ナトリウム冷却型高速炉の炉心崩壊事故時における固体燃料と溶融スティール混合物からの伝熱に対する実験的研究

神山 健司; 小西 賢介; 佐藤 一憲; 豊岡 淳一; 松場 賢一; 鈴木 徹; 飛田 吉春; Pakhnits, A. V.*; Vityuk, V. A.*; Vurim, A. D.*; Gaidaichuk, V. A.*; Kolodeshnikov, A. A.*; Vassiliev, Y. S.*

Kamiyama, Kenji; Konishi, Kensuke; Sato, Ikken; Toyooka, Junichi; Matsuba, Kenichi; Suzuki, Toru; Tobita, Yoshiharu; Pakhnits, A. V.*; Vityuk, V. A.*; Vurim, A. D.*; Gaidaichuk, V. A.*; Kolodeshnikov, A. A.*; Vassiliev, Y. S.*

The relocation of degraded core material through the Control Rod Guide Tubes (CRGTs) is one of essential subjects to achieve the in-vessel retention (IVR) in the case of postulated core disruptive accidents (CDAs) of sodium-cooled fast reactors (SFRs). The CRGT is available as the discharge path by its failure in the core region and heat-transfer from the core-material to the CRGT is one of dominant factors in its failure. In case of a core design into which a fuel subassembly with an inner duct structure (FAIDUS) is introduced, a mixture of solid-fuel and liquid-steel is supposed to remain in the core region since the FAIDUS could effectively eliminate fuel in liquid-state from the core region.
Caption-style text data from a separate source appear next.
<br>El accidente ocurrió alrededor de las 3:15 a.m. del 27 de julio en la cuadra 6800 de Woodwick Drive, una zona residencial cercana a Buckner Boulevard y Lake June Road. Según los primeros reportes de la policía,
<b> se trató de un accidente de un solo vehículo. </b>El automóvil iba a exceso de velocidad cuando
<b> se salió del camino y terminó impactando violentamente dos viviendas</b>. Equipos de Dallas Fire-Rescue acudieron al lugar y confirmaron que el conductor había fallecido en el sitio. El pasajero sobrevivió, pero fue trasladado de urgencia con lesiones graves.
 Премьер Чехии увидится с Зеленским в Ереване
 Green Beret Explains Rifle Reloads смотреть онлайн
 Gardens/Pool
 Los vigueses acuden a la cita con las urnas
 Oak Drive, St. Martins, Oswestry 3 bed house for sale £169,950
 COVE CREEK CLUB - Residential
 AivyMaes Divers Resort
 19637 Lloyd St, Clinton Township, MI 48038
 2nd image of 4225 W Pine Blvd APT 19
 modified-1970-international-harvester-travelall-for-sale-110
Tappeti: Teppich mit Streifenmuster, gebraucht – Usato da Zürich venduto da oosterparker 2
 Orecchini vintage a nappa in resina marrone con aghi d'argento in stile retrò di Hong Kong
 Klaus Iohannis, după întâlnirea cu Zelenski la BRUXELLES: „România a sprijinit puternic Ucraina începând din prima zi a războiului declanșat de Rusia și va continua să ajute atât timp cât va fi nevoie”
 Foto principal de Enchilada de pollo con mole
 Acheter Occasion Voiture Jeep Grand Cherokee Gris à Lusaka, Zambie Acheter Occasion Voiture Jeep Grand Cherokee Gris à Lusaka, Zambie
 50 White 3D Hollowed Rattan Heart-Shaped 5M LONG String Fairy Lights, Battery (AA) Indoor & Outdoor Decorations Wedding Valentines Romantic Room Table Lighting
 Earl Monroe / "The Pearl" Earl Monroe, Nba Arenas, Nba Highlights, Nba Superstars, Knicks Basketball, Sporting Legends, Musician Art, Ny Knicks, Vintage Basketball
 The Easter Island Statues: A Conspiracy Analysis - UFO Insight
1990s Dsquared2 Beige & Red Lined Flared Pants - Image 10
Therefore, the objective of the present study is to obtain experimental knowledge for the evaluation of heat-transfer from the mixture of solid-fuel and liquid-steel to the CRGT. In the present study, an experiment was conducted using Impulse Graphite Reactor which is an experimental facility in National Nuclear Center of the Republic of Kazakhstan. In the experiment, the mixture of solid-fuel and liquid-steel was generated by a low-power nuclear heating of fuel and transferring its heat to steel, and then, data to consider the heat-transfer characteristics from the mixture of solid-fuel and liquid-steel to the CRGT were obtained. The heat-transfer characteristic was revealed by evaluating thermocouple responses observed in the experiment. Through the present study, knowledge was obtained to evaluate heat-transfer from the remaining core-materials to the CRGT.